I run watchlists using the rearranged Justified Price to Book Formula to calculate historical, current and consensus implied market earnings growth rates. It is crude, but very interesting. 
 

What I am noticing at the moment is that that as rates in the 10 year have blown out that current prices for many US , especially large cap, names are pricing in abnormally high growth rates, seemingly due to too low cost of capital. This assumes that rates stay flat, which I don’t think is unreasonable given that this was the norm earlier on the 2010s and the 2000s.

 

I am curious whether anyone else is finding that prices in general are still not reflecting the new normal for cost of capital? Many analysts out there are still pricing off of 5 year average multiple ranges, which just seems ludicrous given how the risk free rate has moved. 
 

Any thoughts (especially contrary) would be greatly appreciated! 

 

 

@learningfromgiants, yes, I do find that market is still pricing in abnormally high growth rates for long long times for many companies. 

 

I'm arriving at that differently though.

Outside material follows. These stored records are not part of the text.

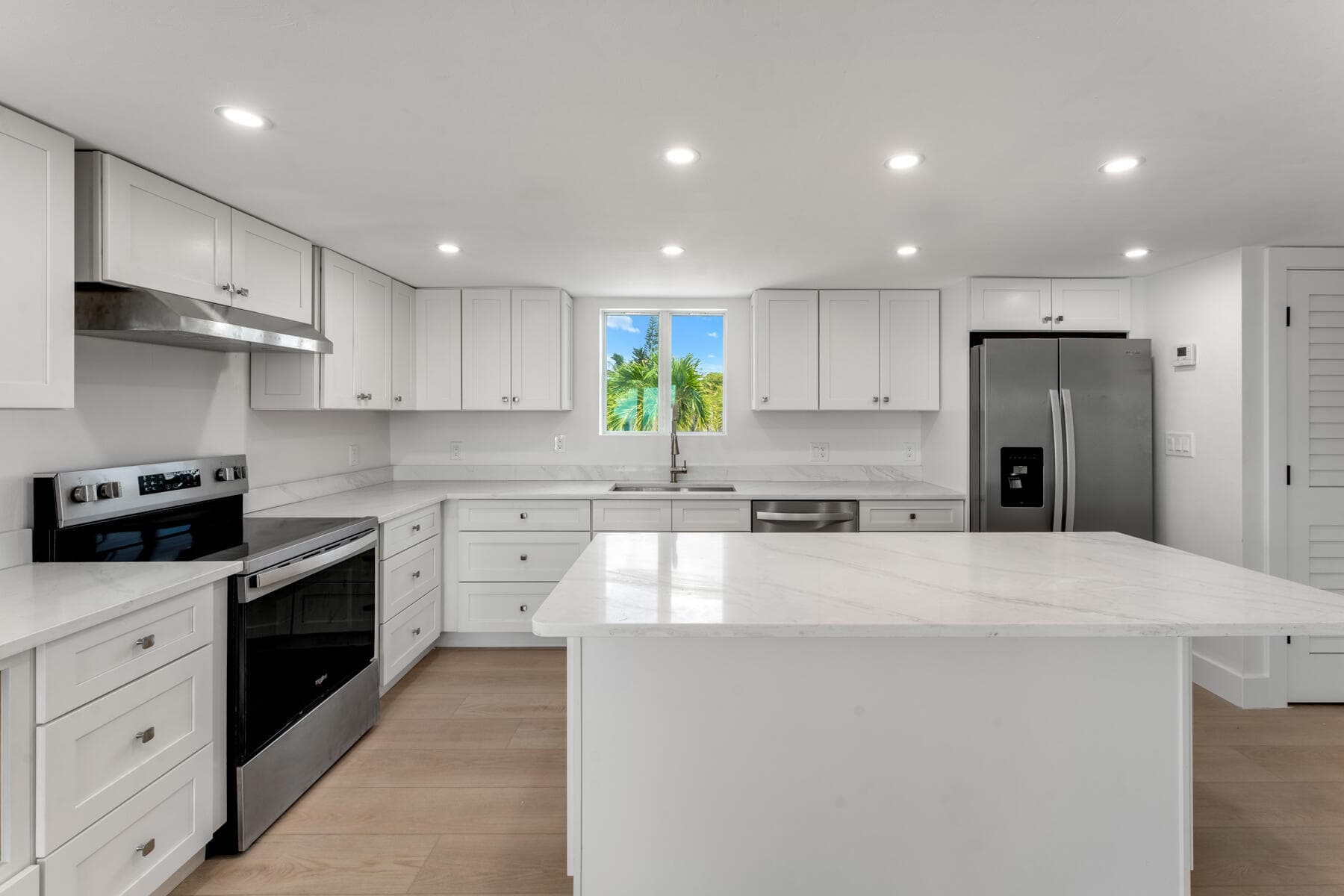 1200 Mockingbird Road photo 10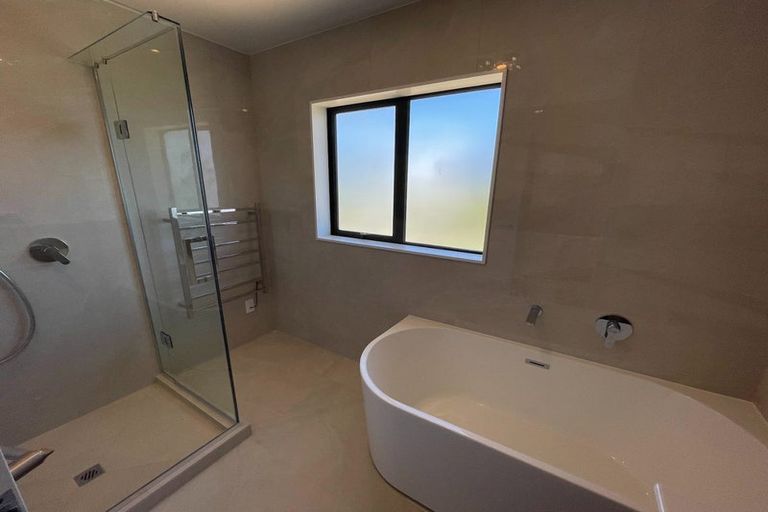 Photo of property in 6b Cairngorm Place, Highland Park, Auckland, 2010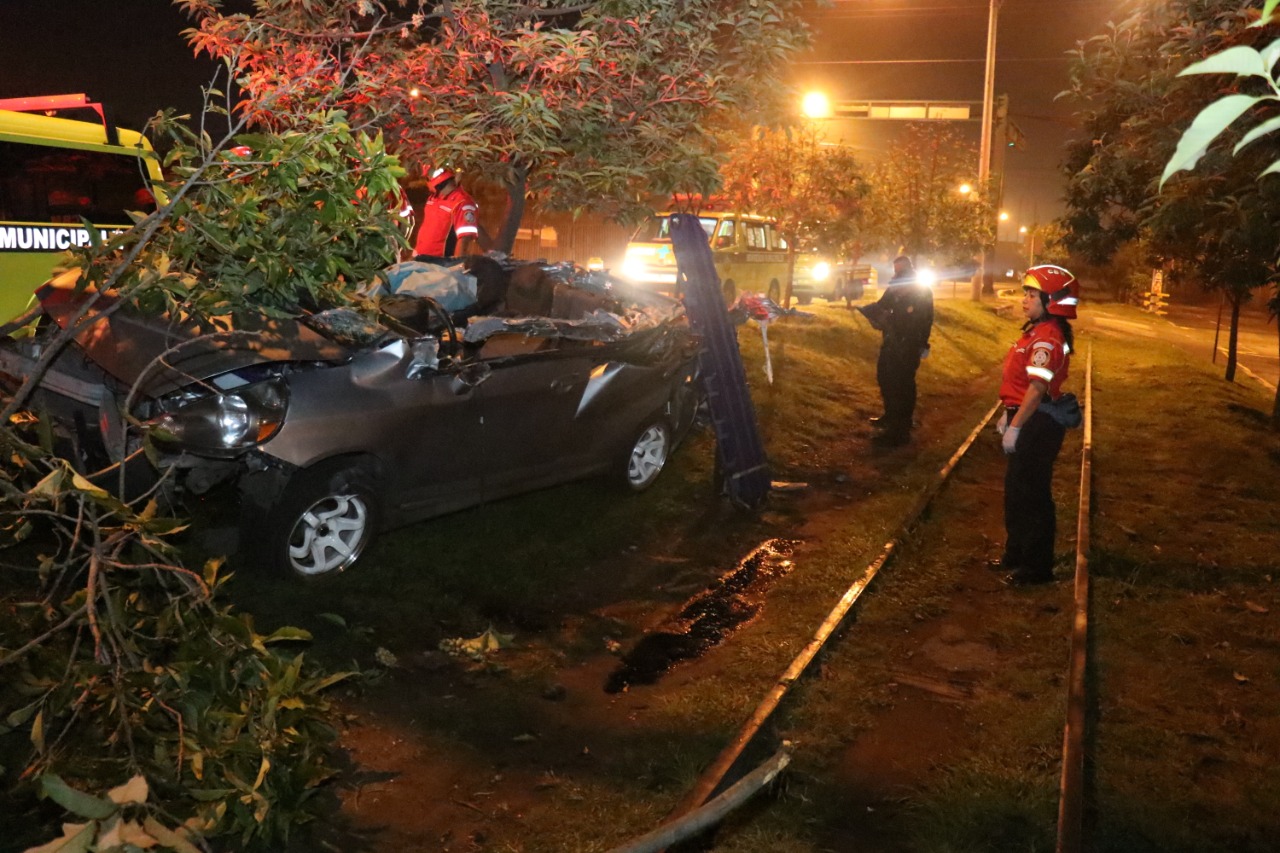 El vehículo accidentado este lunes por la madrugada en la Calzada Atanasio Tzul quedó totalmente destruido. (Foto Prensa Libre: Josvin Borrayo CBM)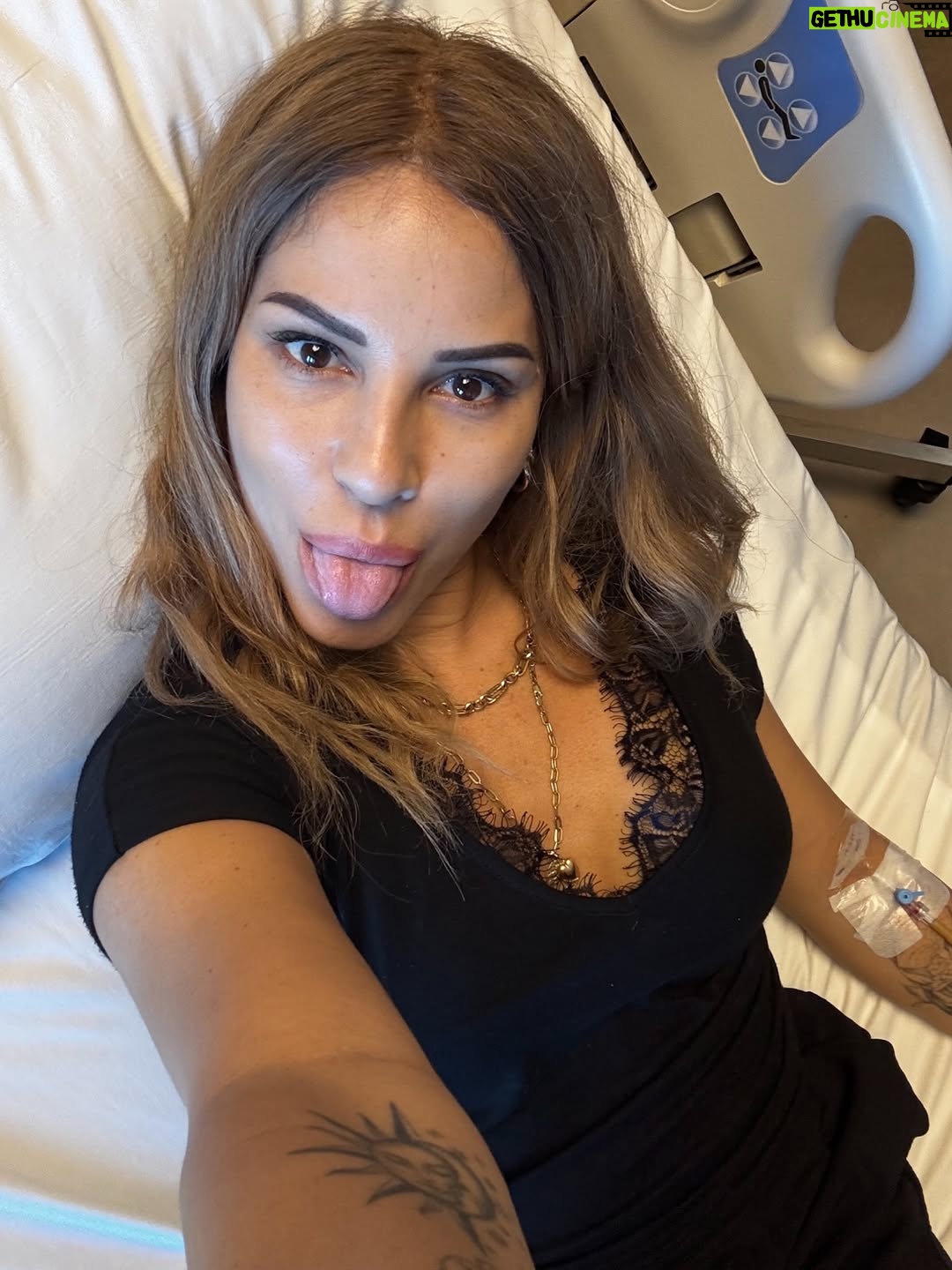 Irmak Ünal - 5.8K Likes - “Sonuçların meme kanseri” kelimelerini duyduğumda, yeni yılın ilk günüydü… ne sürpriz!!! ve ben bunun beni hem tamamen yıkıp hem de yeniden inşa edeceğini bilmiyordum. Bu yolculuk hem çok gerçek, hem çok zor, hem de anlatması güç bir şekilde dönüştürücü…

Ekim ayı Meme Kanseri Farkındalık Ayı, ve bu süreçte şunu çok net öğrendim: erken teşhis gerçekten hayat kurtarır. Bilgi, korku değil güç demek. Ve ben, yol boyunca bana hem bilimin hem kalbin ışığıyla rehberlik eden inanılmaz bir doktor ekibiyle çevrili olduğum için kendimi çok şanslı hissediyorum. Özellikle bütün garipliğimle boğuşan ve her an bana kendimi güvende hissettiren @prof.dr.uguranilbingol e ayrıca teşekkür ediyorum. 

Tabii dürüst olayım… benim spiritüel tarafım bazen bilimle çatışıyor. 😄 Doktorlarımın daha önce hiç duymadıkları sorularla uğraşmak zorunda kaldıkları kesin 😬 ve içimdeki uzaylıyla da! 👽 Ama yine de bana sabırla, mizahla ve sonsuz bir motivasyonla yaklaştılar. Yaklaşmaya devam ediyorlar….Bu, benim için tıbbın en saf hali.

Şifalanma sürecimde bildiğim her şeyi birleştiriyorum….spiritüel uygulamalar, homeopati, enerji çalışmaları ve bilimin sunduğu en iyi imkanlar… Hepsini sezgiyle, farkındalıkla harmanlıyorum. Benim için iyileşmek artık bir sanat: biraz inanç, biraz bilim, tamamen kalp işi.

Bu yoldan geçen ya da bir yakını geçen herkese……..sizi görüyorum, sizi hissediyorum. Şifa düz bir çizgi değil ama izin verdiğinde içinde mucizevi bir zarafet var aslında. Ve yaratanın ışığına şahitlik edebilirsiniz. 
ne kadar ameliyathane kapısında “vay be bir başımayım,yapayalnız gidiyorum” desem de asla yalnız değildim. Önce Allah ın varlığını hep hissettim 🙏🏻 ve yol arkadaşlarıma tüm kalbimle teşekkür etmeliyim….özellikle kız kardeşime, anneme, çocuklarıma, canım aileme ve en yakın dostlarıma, bu yolda benimle yürüdüğünüz ve hâlâ yürümeye devam ettiğiniz için.
Sonuçta, hepimiz sadece birbirimize eve giden yolda eşlik ediyoruz. 💗 çok değerlisiniz. 

Ve İşte buradayım… kısacık saçlı, açık kalpli, her an minnettar ve kutsanmış olduğunun farkında. Yeni bir gün, yeni bir ben. 📸 by @ozdenkaftanthomas 

#ErkenTeşhisHayatKurtarır  #ŞifalanmaDevamEdiyor #iammyownexperimentiammyownworkofart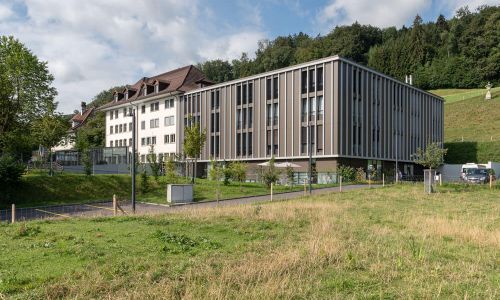 Aussenansicht des Domicil Bern im Sonnenschein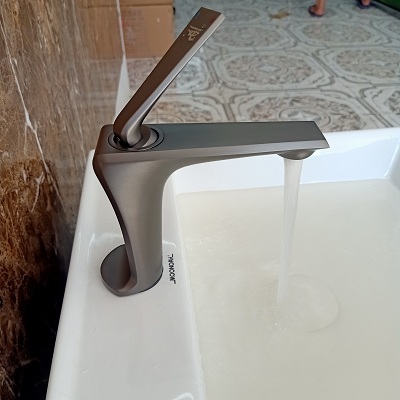 Vòi lavabo đồng thau mạ chân không PVD siêu chống ăn mòn GRÜNDER GR-015K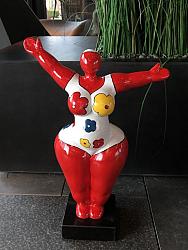 Beeld - Vrouw beschilderd rood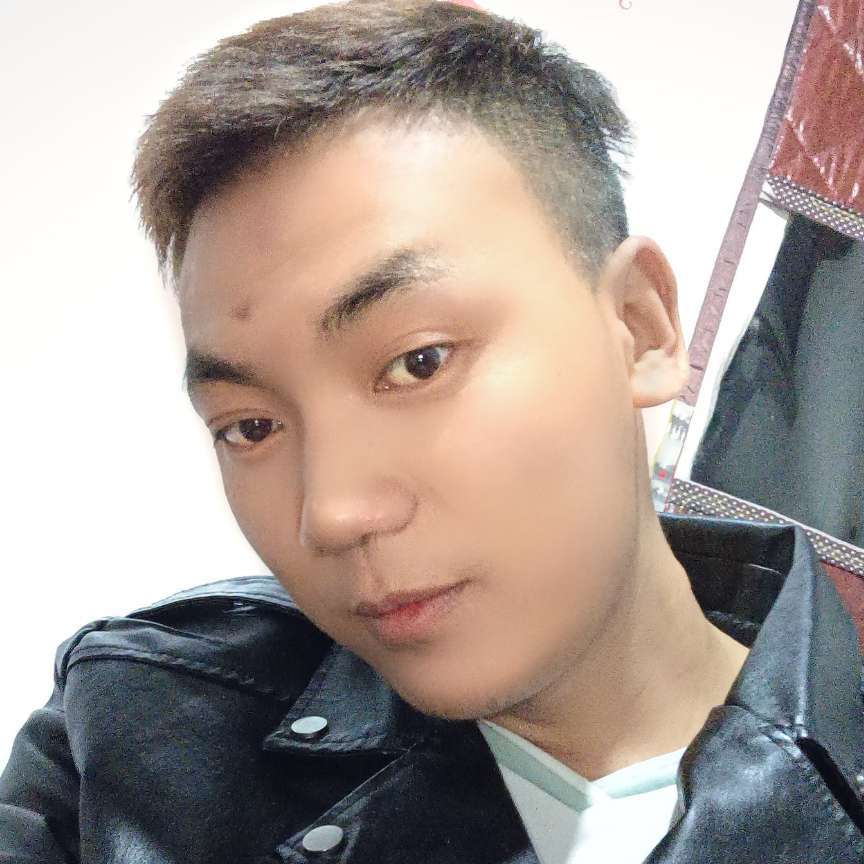 有魅力爱恋路灯的照片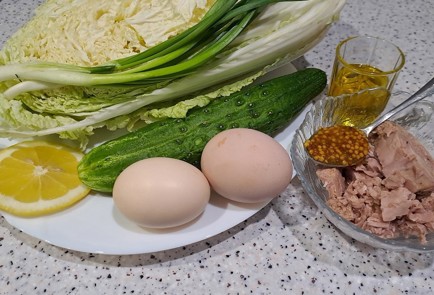 Фото шага рецепта Салат из пекинской капусты и огурца с тунцом 189356 шаг 1  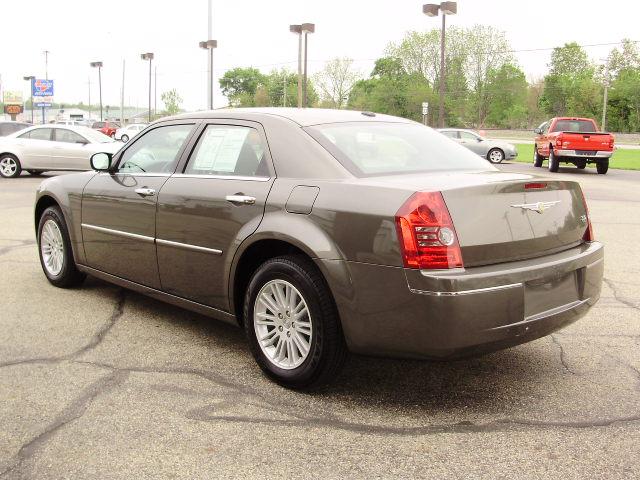 2010 Chrysler 300 3.5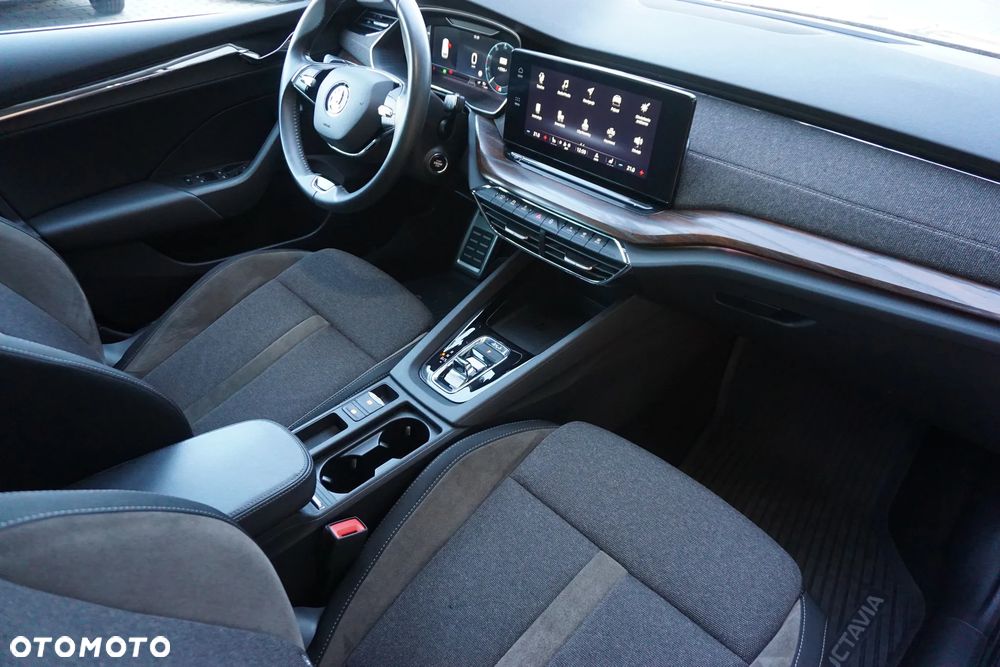 Skoda Octavia 2.0 TDI 4x4 Scout DSG - 34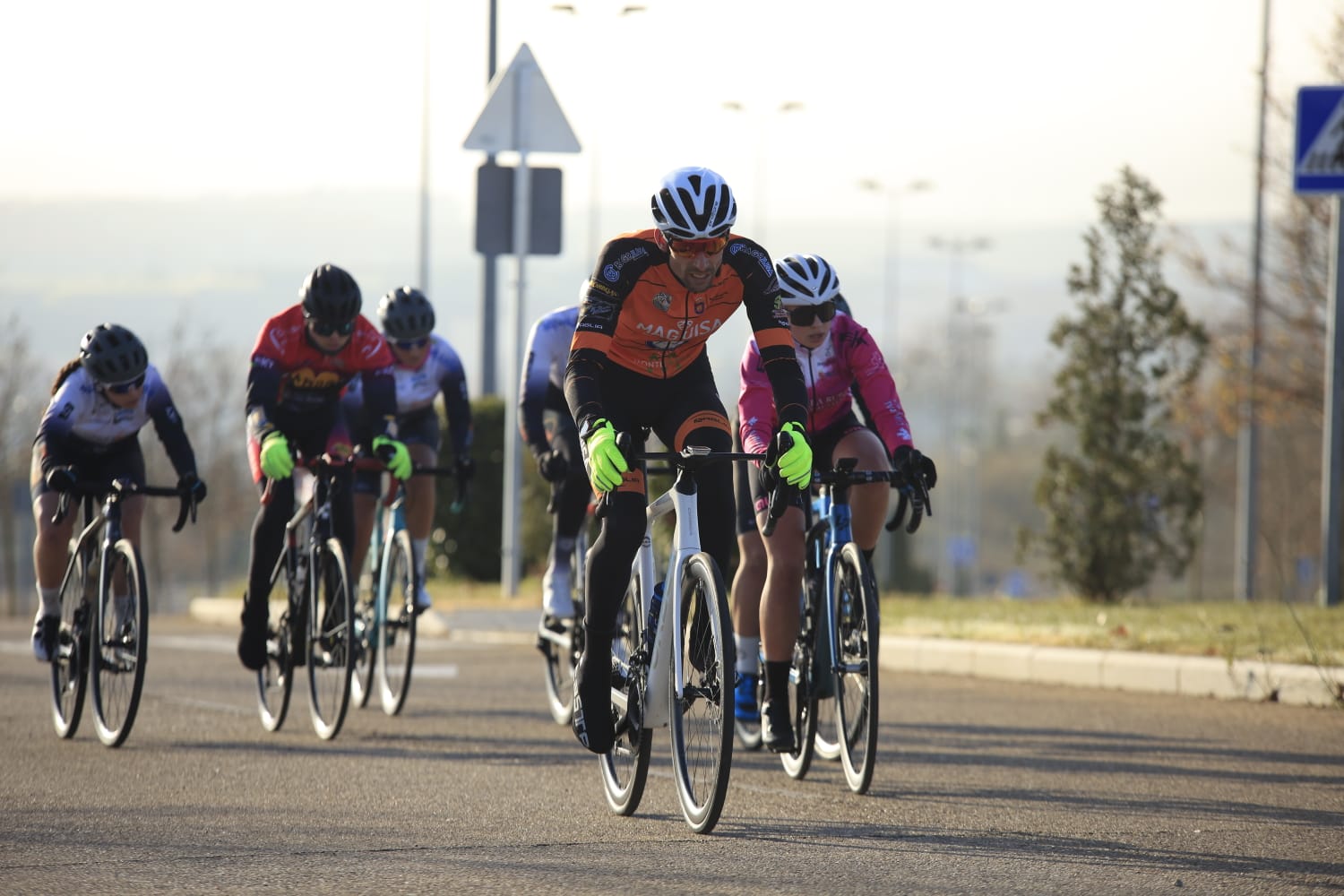 El ciclismo luce en Salamanca con la Carrera del Pavo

Very simply, a lot of companies are still giving back less than 3% per year to shareholders in terms of dividends plus sustainable buybacks (upto FCF without putting enterprise at mercy of refinancing at high interest rate debt) minus stock-based-compensation.  If you want 15% per year, the rest has to come from growth for long long time. 

 

How many companies really have the longevity and will indeed be able to grow their returns to shareholders at more than 12% per year for long long time at a high certainty?  Not too many.   In case of large caps, you will also end up running into sheer size issues. 

 

Curious how you are calculating implied growth rate?